▸ Exercise details: Exclude the images and transcribe the entries below precisely.

Image-caption web data:
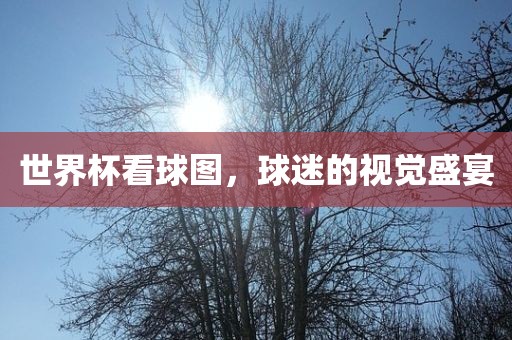 世界杯看球图，球迷的视觉盛宴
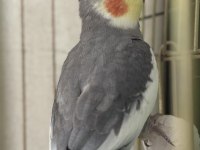 Erkek sultan papağanı 12 aylık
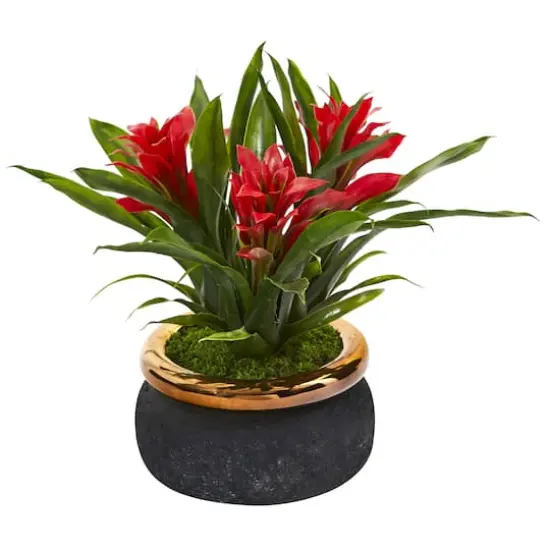11" Red Bromeliad in Stoneware Planter {1}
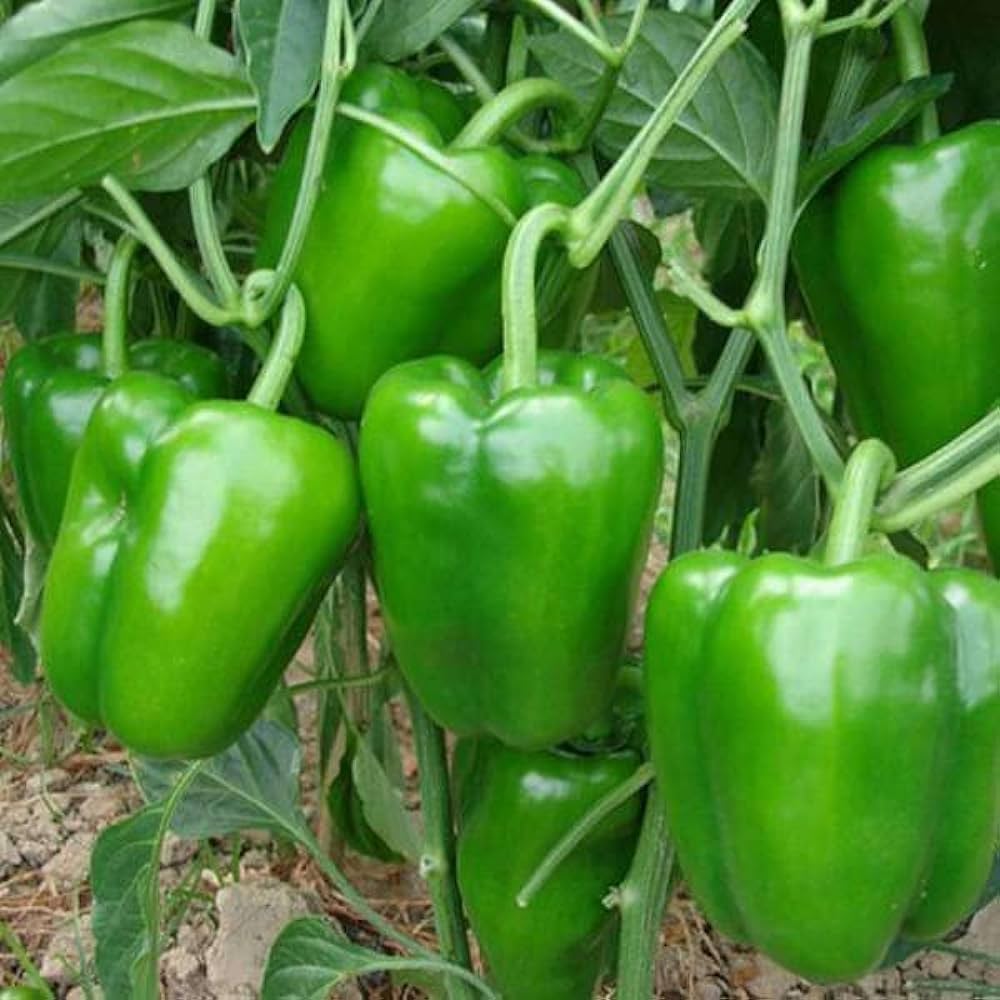 Capsicum F1 Hybrid Andhra 115 Vegetable Seeds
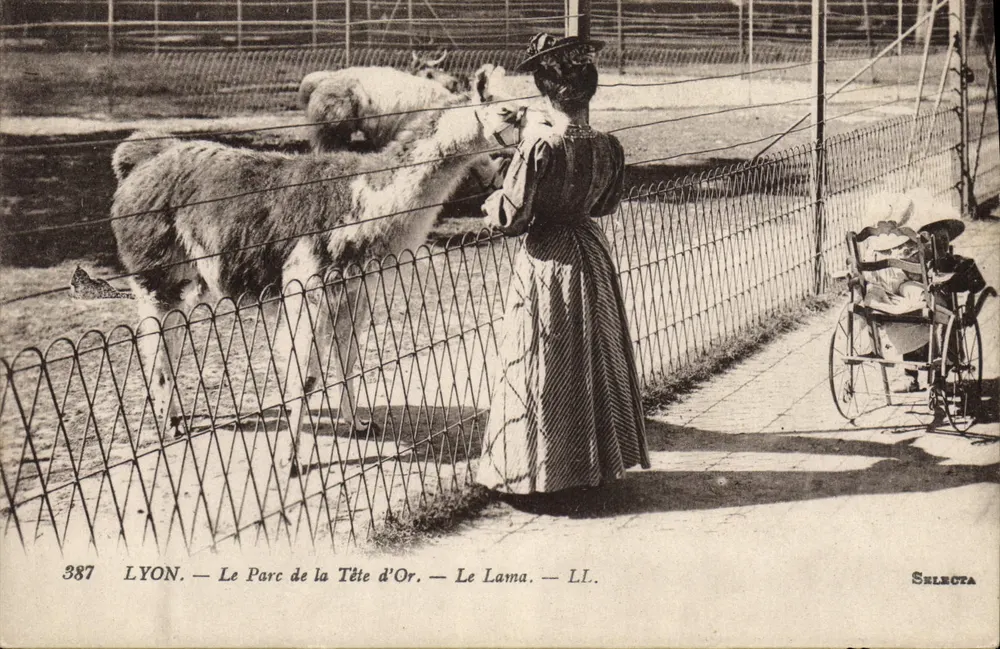 LYON — Le Parc de la Tête d'Or — Le Lama — LL. — Sélecta - Recto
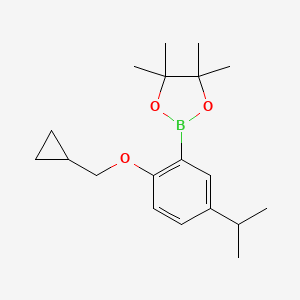molecular formula C19H29BO3 B8354358 2-[2-(Cyclopropylmethoxy)-5-(propan-2-yl)phenyl]-4,4,5,5-tetramethyl-1,3,2-dioxaborolane 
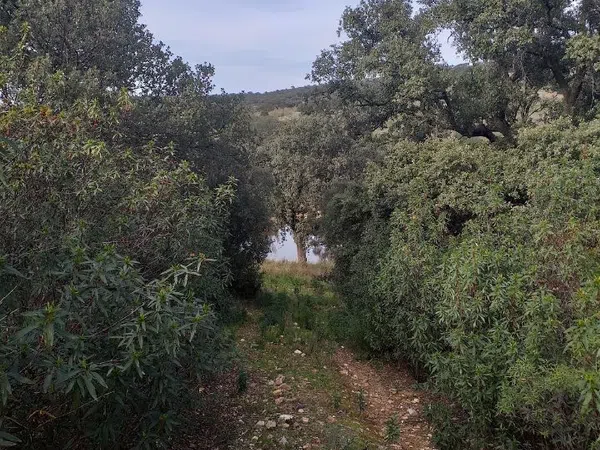 Finca rústica en Sierra de Mampar s/n - Foto 12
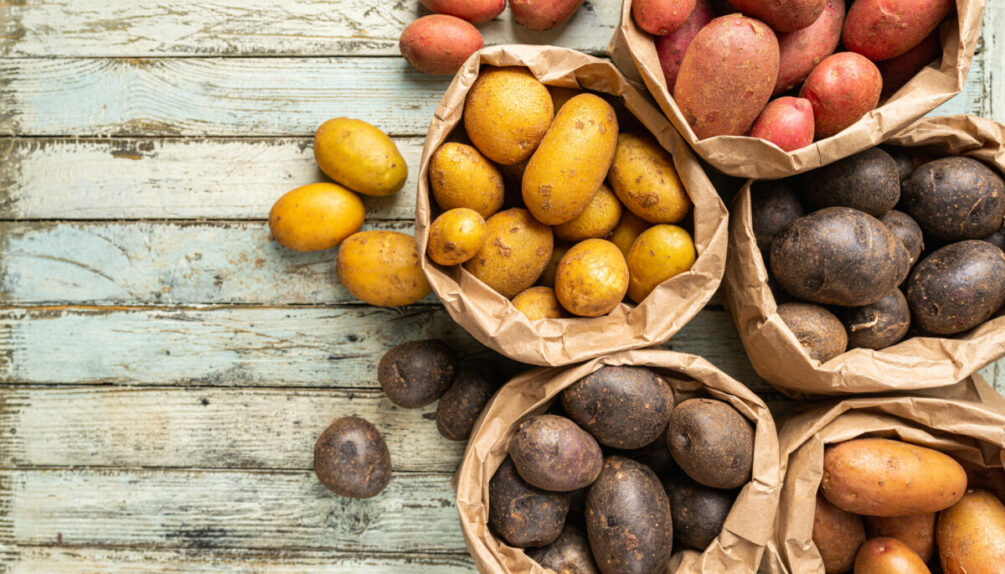Varieties of raw white, red and purple potatoes in paper bags on white wooden background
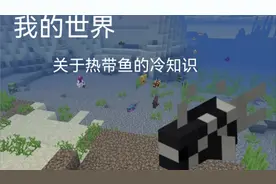 我的世界:关于热带鱼的冷知识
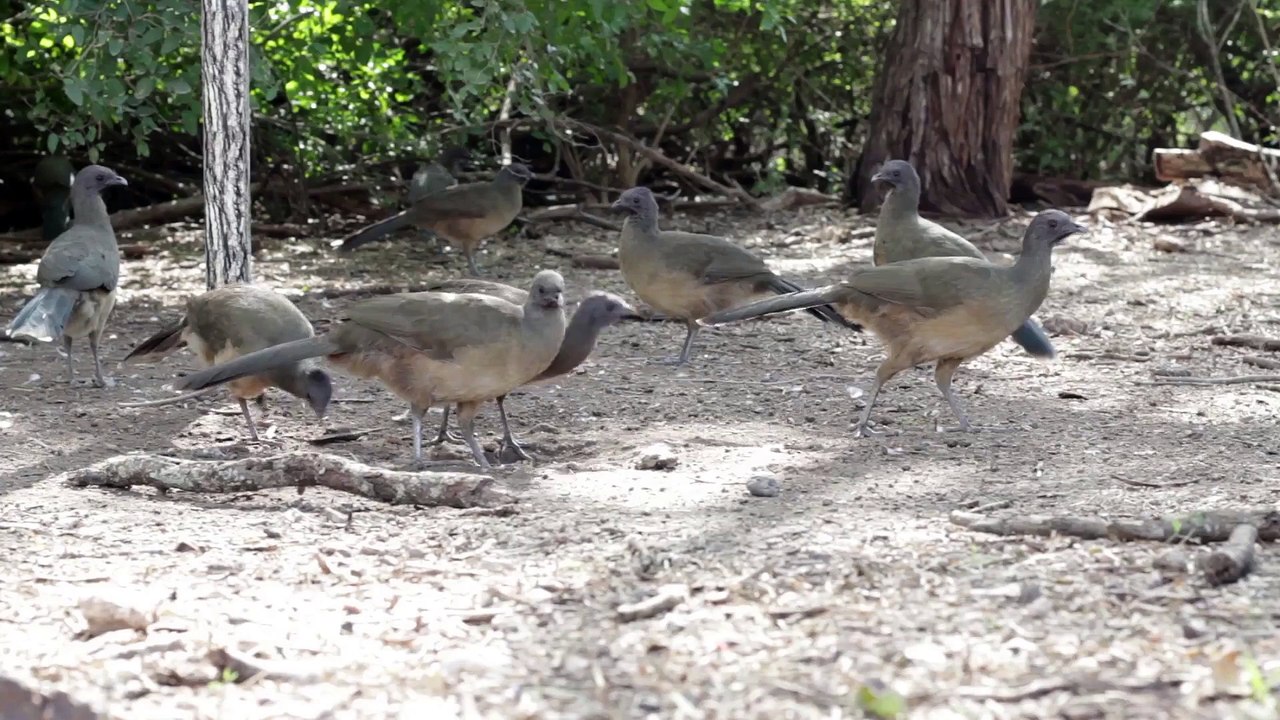 Birds
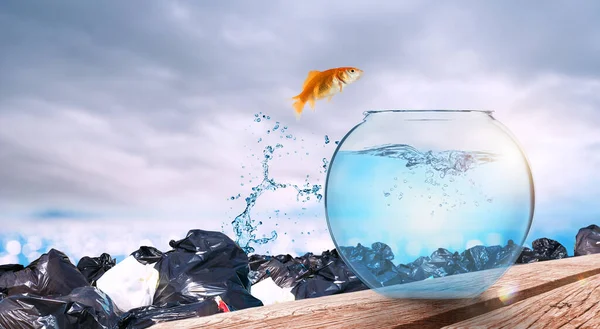 魚は汚染された水から水をきれいにするためにジャンプします ロイヤリティフリーのストック写真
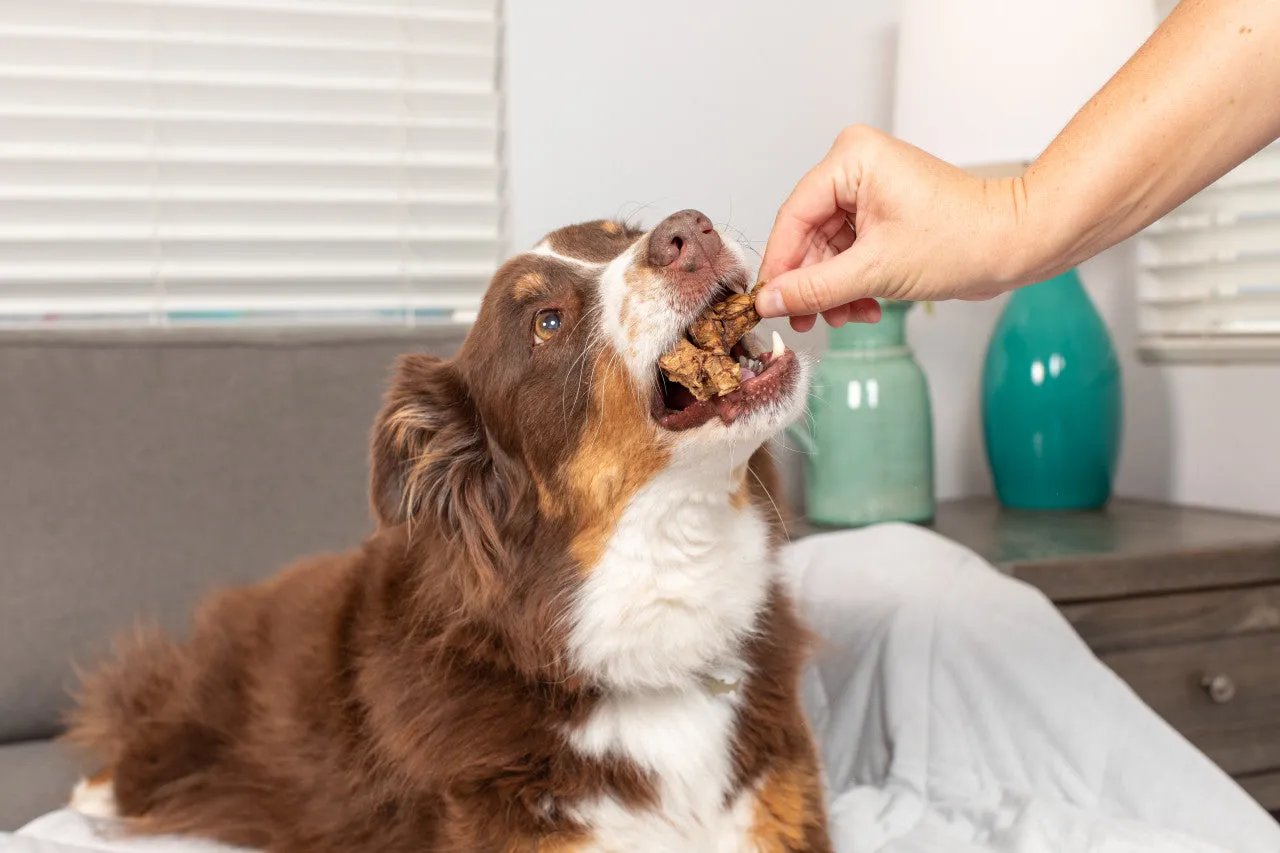 Natural Cravings USA Beef Roaster Bites For Small Medium Large to XL Dogs / Small Crunchy Treat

▸ Task response:
 世界杯看球图，球迷的视觉盛宴
 Erkek sultan papağanı 12 aylık
11" Red Bromeliad in Stoneware Planter {1}
 Capsicum F1 Hybrid Andhra 115 Vegetable Seeds
 LYON — Le Parc de la Tête d'Or — Le Lama — LL. — Sélecta - Recto
molecular formula C19H29BO3 B8354358 2-[2-(Cyclopropylmethoxy)-5-(propan-2-yl)phenyl]-4,4,5,5-tetramethyl-1,3,2-dioxaborolane 
 Finca rústica en Sierra de Mampar s/n - Foto 12
Varieties of raw white, red and purple potatoes in paper bags on white wooden background
 我的世界:关于热带鱼的冷知识
 Birds
 魚は汚染された水から水をきれいにするためにジャンプします ロイヤリティフリーのストック写真
 Natural Cravings USA Beef Roaster Bites For Small Medium Large to XL Dogs / Small Crunchy Treat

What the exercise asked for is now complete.